▶ **Raw data**:
::::::

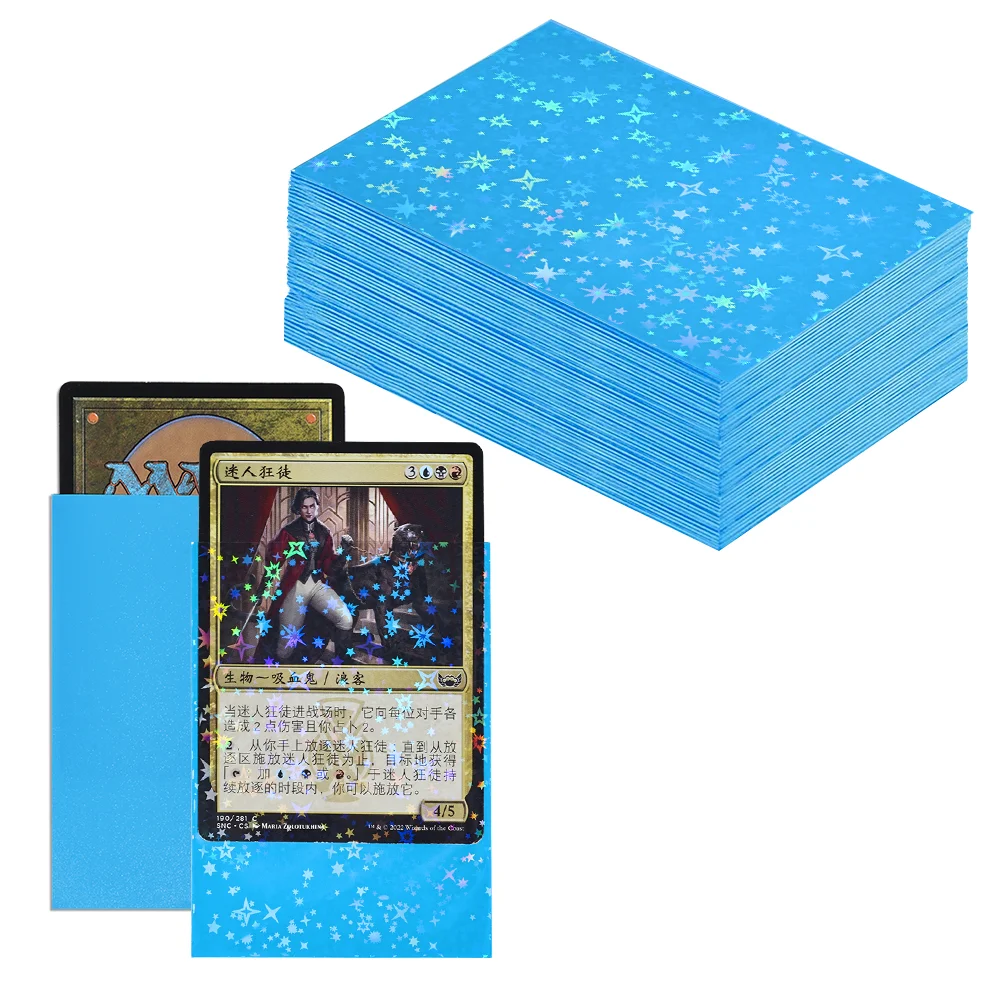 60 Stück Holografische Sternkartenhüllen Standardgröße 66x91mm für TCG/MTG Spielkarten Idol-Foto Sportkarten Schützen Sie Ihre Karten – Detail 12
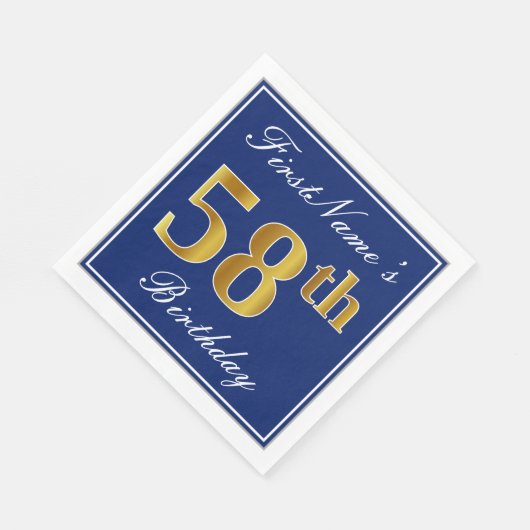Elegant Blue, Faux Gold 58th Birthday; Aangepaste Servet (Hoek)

::::::

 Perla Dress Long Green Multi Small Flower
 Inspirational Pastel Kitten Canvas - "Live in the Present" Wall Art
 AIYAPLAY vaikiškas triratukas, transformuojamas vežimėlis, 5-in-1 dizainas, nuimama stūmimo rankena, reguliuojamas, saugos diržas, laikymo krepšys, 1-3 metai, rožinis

::::::

▶ **Exercise goal**: Set down only the lines above that fall between the line holding "Perla Dress Long Green Multi Small Flower" and the line holding "AIYAPLAY vaikiškas triratukas, transformuojamas", inclusive, keeping each exact.

▶ **Finished exercise**:
 Perla Dress Long Green Multi Small Flower
 Inspirational Pastel Kitten Canvas - "Live in the Present" Wall Art
 AIYAPLAY vaikiškas triratukas, transformuojamas vežimėlis, 5-in-1 dizainas, nuimama stūmimo rankena, reguliuojamas, saugos diržas, laikymo krepšys, 1-3 metai, rožinis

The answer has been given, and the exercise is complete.